Published online 2012 December 21. doi: 10.1051/medsci/20122812016.

Observer la cellule et ses structures membranaires à l’échelle du nanomètre

Amélie Leforestier,1* Nicolas Lemercier,1 and Françoise Livolant1

1CNRS UMR 8502, laboratoire de physique des solides, bâtiment 510, Université Paris-Sud, 91405Orsay Cedex, France
Corresponding author.

MeSH keywords: Animaux, Membrane cellulaire, ultrastructure, Cellules, cytologie, Humains, Protéines membranaires, analyse, composition chimique, Microscopie à force atomique, méthodes, Nanotechnologie, Phospholipides

 

L’imagerie cellulaire et tissulaire connaît depuis une dizaine d’années des progrès spectaculaires grâce à l’exploitation des propriétés de la fluorescence.
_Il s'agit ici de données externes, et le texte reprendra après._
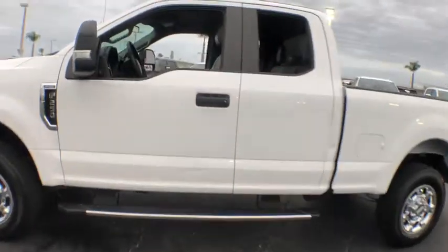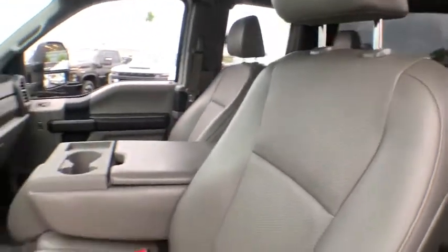Ford F-250 Super Duty. This vehicle has less than 80,000 miles.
Elle permet une imagerie en trois dimensions (3D), voire 4D, de la cellule vivante à des résolutions toujours améliorées [ 13], et permet même la détection et le suivi de molécules uniques. Aussi riches soient-elles, ces approches ne disent rien sur la conformation des macromolécules, la nature de leurs interactions, ou leur organisation supramoléculaire ; d’où le besoin d’informations à plus haute résolution.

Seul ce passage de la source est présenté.